No asterisks required. But a high-performance financial computing company said it has in operation an analytics engine that can price 150 million options in 17 seconds.

Hanweck Associates of New York said its Volera trading and risk management system is capable of calculating 8 million prices a second, using graphics processors in combination with general purpose central processors.

In fact, Hanweck’s VoleraFEED of prices and risk parameters for options trading is built on the same NVIDIA graphics processors and Super Micro Computer server hardware as software toolmaker Xcelerit of Dublin, Ireland.

Xcelerit and the United Kingdom arm of Super Micro, which is based in San Jose, Calif., said Thursday their software and hardware, running together, had demonstrated record speed in a Monte Carlo simulation on European-style options using the industry’s fundamental pricing model, known as the Black-Scholes model.

The two companies said the prices of 1 million options were evaluated with 500,000 simulation paths in less than 17 seconds.

The Hanweck engine can pursue billions of paths a second, according to Gerald Hanweck, Jr., founder and CEO of Hanweck Associates. Hanweck served as JPMorgan's Chief Equity Derivatives Strategist from 2000 to 2003 and also has led the bank's U.S. Fixed-Income Derivatives Strategy team.

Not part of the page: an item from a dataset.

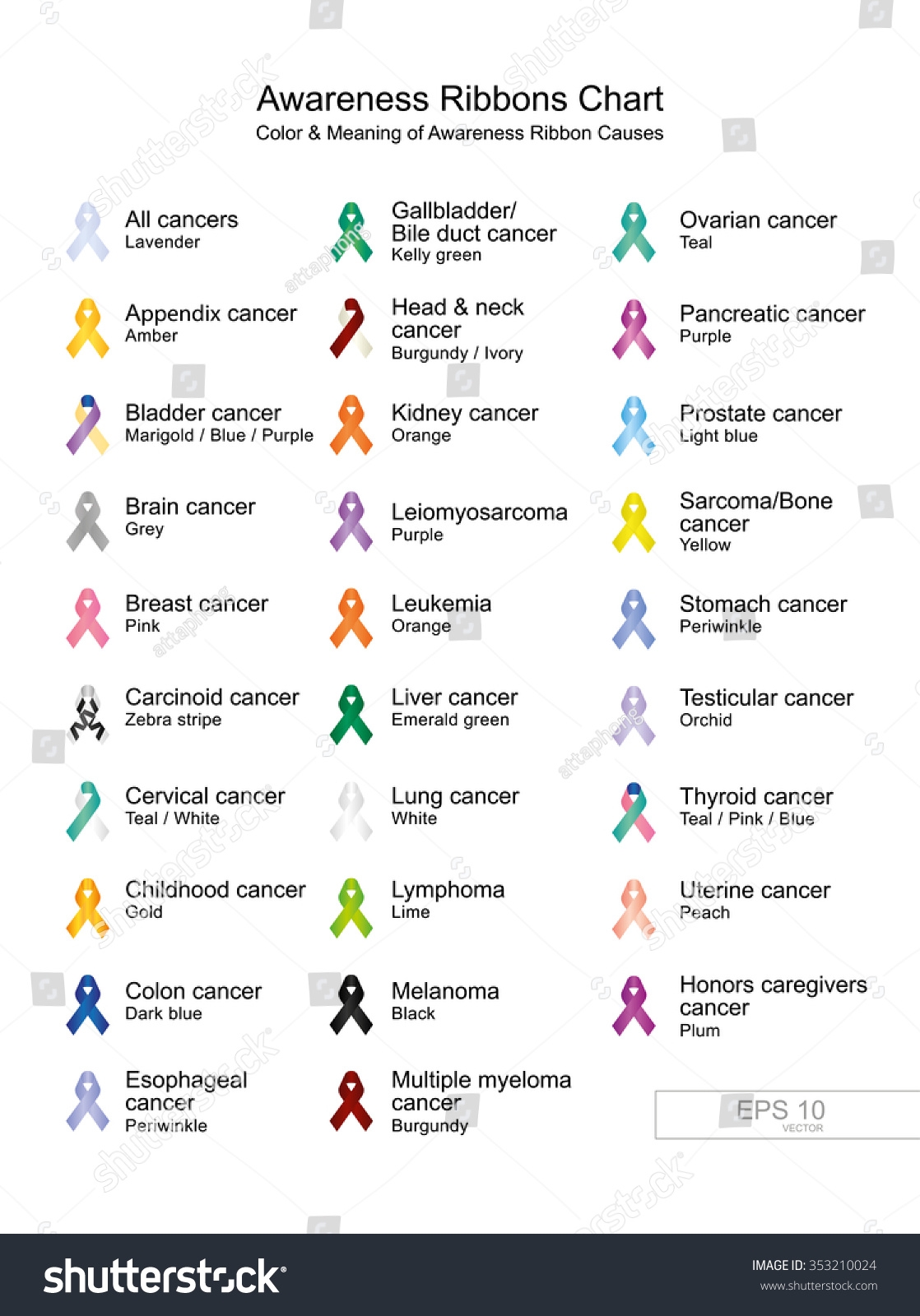 Cancer Awareness Colors Chart Over 44 Royalty Free Licensable Stock Illustrations Drawings Shutterstock Cancer Awareness Colors Chart Over 44 Royalty Free Licensable Stock Illustrations Drawings Shutterstock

Hanweck said the Volera approach to calculating options prices differs in two distinct ways from that of Xcelerit.

First, Volera calculates prices on American-style options, which, he maintains, is more complex. European pricing essentially calculates a straight path from the current time to an expiration date for the options contract, he said. American-style pricing calculates prices for any time in between the present and expiration, so market participants can take into consideration whether there might be a better exit point than expiration.

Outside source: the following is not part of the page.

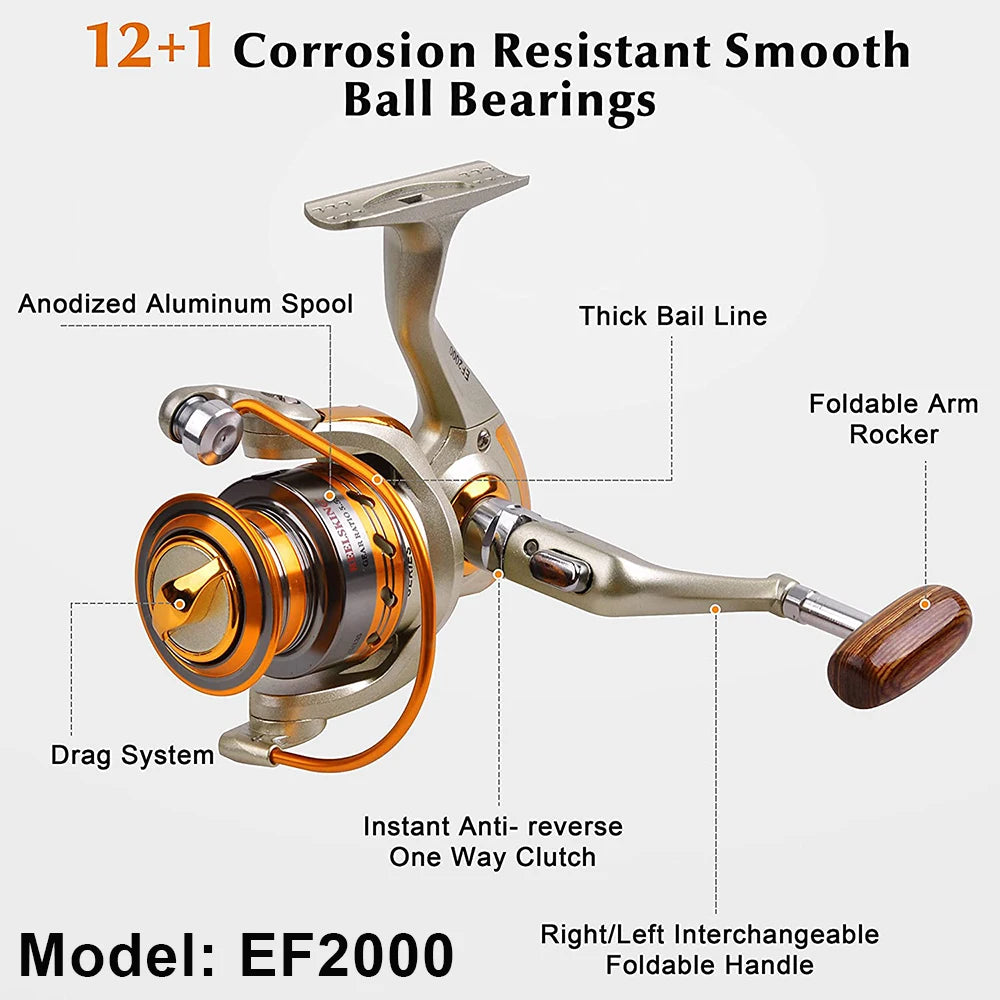 ice fishing rod combo Gear With Fishing bags PE line Ice Jig bait Folat bobbers ice fishing accessories for Bass Trout Fishing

Second, Volera uses different methods of calculating the prices, other than Monte Carlo simulation. Volera relies largely on a mathematical approach to pricing known as binomial trees.

In the the binomial options pricing model time is divided between the present and expiration are divided into a lattice-work of discrete time periods and a variety of conditions can be applied to that series of slices of time.

Hanweck said the Volera engine achieves prices for more than 8 million American-style options per second, using the binomial tree method, in conjunction with full interest-rate and hard-to-borrow curves and discrete dividends. That translates to calculating prices for nearly 150 million options in 17 seconds, he said.

The Hanweck system is in use at the International Securities Exchange, an all-electronic options exchange in the United States. ISE trades options on more than 2,000 underlying equity, exchange-traded funds, indices and foreign-exchange products.

ISE put VoleraFEED in place because it is “a cutting edge, Graphics Processing Unit (GPU)-based options analytics engine that is capable of calculating real-time implied volatilities and Greeks for the U.S. options industry, ’’ said Jeffrey Soule, Head of Market Data at the exchange. The feed “is uniquely capable of processing the vast amount of messaging traffic that goes out across the Options Price Reporting Authority and calculating metrics that impact the price of individual options contracts on a real time basis. ‘’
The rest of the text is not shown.